Кэсси захотелось чем-нибудь себя стукнуть. И как она не догадалась стащить кошелек и часы Алекса и выбросить в урну вместе с мочалкой, мылом и осколками бутылки из-под «Столичной»? Ей не пришла в голову мысль, что беднягу могли убить в ходе ограбления. Но потом она вспомнила фразу, которую студенткой до хрипоты обсуждала на дебатах в колледже: отсутствие чего-то невозможно доказать. По итогам обсуждения все решили, что возможно. Но выражение ей запомнилось.
— Ну, если что-то из номера украли, этой вещи уже там не будет, и никто не узнает, что она исчезла, — заметила Кэсси.
— Согласен. Я уверен, что власти в Дубае — и наши, и их — постараются составить наиболее точный список всего, что было при этом парне. Сейчас они беседуют с каждым сотрудником отеля. Беседуют со всеми, кто собирался встретиться с Соколовым, если предположить, что встреча действительно планировалась. В любом случае чутье мне подсказывает, что это было не неудавшееся гостиничное ограбление. Это была казнь.
Последнее слово повисло в воздухе. Кэсси уставилась на остатки яичницы и хлебные крошки в тарелке профсоюзника. Скорее всего — даже наверняка, — Майес прав. Она десятки раз напоминала себе, что ей самой могли запросто перерезать глотку. Но не сделали этого. Ее помиловали. И все же ей никогда не удастся стереть из памяти тело в кровати, такое холодное и неподвижное. Она никогда не забудет лужи крови.
— Кэсси?
Она подняла взгляд.
— Я подумал, вы ушли в себя, — говорил Майес. — Чуть было не щелкнул пальцами. Знаете что, выходите из транса.
— Извините.
— Вы в порядке?
— Да, я в порядке.
Он откинулся на спинку стула и улыбнулся, потом сложил на груди руки и сказал:
— Я в этом не уверен. Но знаете что?
Она ждала.
— Есть подозрение, что какой-то мертвый бедняга, которого вы встретили в самолете, — не самая большая ваша проблема.
— Думаю, мне следует обидеться.
— Вовсе нет. Я говорю как старик, который мечтал стать отцом, но не вышло.
С этими словами он взял счет. Кэсси пыталась вспомнить, когда именно официантка положила его на край стола, и не могла.

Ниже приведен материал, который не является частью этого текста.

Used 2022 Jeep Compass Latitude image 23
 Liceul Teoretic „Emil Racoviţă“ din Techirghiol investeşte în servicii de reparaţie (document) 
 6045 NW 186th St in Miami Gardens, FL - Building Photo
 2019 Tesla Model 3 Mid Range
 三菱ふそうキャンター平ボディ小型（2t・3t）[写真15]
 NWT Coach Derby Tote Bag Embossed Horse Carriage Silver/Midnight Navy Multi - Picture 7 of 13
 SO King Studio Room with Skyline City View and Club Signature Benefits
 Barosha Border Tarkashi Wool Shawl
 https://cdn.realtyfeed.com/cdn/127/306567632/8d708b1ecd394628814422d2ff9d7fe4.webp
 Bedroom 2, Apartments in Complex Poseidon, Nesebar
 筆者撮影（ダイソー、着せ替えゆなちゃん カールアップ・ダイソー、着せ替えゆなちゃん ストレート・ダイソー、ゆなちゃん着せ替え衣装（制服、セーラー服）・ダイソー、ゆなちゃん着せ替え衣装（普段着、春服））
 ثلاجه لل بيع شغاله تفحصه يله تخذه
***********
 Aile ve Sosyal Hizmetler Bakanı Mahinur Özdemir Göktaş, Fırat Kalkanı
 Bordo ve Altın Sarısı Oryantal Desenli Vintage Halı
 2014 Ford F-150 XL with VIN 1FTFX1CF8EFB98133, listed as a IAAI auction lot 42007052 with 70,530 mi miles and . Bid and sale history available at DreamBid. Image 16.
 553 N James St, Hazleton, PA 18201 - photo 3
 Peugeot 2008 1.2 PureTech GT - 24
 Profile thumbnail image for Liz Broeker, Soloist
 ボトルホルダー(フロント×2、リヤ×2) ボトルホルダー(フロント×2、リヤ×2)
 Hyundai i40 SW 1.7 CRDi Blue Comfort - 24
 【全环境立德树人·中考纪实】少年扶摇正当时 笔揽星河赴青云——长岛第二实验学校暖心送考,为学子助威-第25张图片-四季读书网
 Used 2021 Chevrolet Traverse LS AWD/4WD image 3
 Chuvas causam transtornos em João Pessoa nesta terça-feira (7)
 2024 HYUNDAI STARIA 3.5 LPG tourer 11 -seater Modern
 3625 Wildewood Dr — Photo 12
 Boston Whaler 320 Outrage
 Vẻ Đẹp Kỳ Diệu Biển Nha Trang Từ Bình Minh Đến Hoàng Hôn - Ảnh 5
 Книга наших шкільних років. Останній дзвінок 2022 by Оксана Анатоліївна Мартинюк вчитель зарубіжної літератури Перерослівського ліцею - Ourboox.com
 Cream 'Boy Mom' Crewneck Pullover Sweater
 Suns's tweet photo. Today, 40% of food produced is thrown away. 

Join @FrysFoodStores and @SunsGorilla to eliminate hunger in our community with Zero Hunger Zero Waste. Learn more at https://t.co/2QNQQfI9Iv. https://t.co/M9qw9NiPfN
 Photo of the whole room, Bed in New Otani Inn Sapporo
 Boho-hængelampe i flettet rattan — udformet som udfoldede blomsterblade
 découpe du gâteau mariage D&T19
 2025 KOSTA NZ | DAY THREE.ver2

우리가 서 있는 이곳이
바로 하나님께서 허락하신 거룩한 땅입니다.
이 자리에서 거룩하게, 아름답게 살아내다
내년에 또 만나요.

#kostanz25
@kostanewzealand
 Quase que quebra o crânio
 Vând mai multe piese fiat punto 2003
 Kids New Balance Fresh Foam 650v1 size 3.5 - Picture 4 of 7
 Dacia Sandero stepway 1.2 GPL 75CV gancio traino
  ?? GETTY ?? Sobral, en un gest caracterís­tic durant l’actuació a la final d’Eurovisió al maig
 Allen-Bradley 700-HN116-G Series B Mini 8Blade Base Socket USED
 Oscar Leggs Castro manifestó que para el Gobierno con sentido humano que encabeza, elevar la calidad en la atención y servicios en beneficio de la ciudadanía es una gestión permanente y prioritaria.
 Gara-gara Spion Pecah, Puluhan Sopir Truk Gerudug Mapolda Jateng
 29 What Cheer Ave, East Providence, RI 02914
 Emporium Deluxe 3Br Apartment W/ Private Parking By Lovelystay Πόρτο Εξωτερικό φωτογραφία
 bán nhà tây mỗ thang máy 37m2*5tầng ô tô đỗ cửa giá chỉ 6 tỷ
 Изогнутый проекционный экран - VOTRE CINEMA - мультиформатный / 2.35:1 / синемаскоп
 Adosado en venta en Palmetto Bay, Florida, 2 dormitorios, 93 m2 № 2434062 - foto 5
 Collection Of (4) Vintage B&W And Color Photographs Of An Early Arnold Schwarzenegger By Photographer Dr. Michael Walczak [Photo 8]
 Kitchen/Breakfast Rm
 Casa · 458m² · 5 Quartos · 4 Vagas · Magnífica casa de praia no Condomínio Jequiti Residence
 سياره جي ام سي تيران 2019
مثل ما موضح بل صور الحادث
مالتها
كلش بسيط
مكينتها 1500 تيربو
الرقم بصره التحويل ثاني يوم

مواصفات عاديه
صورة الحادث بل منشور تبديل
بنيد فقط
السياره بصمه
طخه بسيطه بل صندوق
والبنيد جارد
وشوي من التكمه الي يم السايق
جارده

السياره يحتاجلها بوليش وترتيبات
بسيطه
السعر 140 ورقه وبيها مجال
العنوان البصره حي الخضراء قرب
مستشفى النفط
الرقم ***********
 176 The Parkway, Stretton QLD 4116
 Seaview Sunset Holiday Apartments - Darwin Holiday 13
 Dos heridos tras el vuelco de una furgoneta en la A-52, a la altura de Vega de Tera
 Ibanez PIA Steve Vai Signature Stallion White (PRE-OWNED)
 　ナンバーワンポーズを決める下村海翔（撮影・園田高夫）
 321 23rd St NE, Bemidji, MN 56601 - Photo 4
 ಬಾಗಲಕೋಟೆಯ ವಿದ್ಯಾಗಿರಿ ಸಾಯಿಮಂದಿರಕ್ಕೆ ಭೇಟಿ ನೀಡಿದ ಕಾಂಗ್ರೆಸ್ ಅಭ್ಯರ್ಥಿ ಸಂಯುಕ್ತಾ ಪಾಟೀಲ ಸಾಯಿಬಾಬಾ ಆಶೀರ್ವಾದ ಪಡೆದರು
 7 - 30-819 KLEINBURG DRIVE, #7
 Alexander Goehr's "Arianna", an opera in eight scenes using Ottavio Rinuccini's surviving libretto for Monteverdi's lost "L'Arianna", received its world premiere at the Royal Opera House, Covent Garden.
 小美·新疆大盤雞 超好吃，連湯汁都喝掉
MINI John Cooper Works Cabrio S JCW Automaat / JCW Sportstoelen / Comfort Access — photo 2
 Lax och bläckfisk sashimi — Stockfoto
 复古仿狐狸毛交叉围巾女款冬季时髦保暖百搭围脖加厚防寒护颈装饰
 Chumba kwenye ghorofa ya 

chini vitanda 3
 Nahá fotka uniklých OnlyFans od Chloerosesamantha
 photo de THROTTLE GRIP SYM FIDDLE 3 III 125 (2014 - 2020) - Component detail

Она проследила взглядом, как Майес двинулся к кассе, чтобы заплатить.
Вечером, одна в своей квартире, Кэсси открыла кьянти и налила вино в расписанный вручную бокал из пары, которую ей подарила Розмари много лет назад. Тогда ей еще не приходило в голову, что не стоит поощрять пьянство старшей сестры. На бокалах были нарисованы белые орхидеи — роскошные эротичные цветы поднимались от основания чаши к ободку. Когда Кэсси сделала первый глоток, звякнул телефон — пришло сообщение от Бакли. Он спрашивал, как она, сожалел, что утром они были резки друг с другом, и выражал надежду, что они снова встретятся, когда она вернется в Нью-Йорк. Кэсси не ответила на сообщение, но и не стала его удалять, как делала обычно. Подцепив парня в баре и наклюкавшись до провала в памяти — на час, два, десять, — на втором свидании она не хотела выслушивать рассказ о том, что происходило на первом. Возможно, она не стерла сообщение Бакли потому, что, напиваясь с ним, не достигла той предельной скорости взлета, когда барьер потери памяти взрывается с ошеломительным грохотом, сотрясая стекла. Так что, может быть, завтра она напишет что-нибудь в ответ. Или не напишет.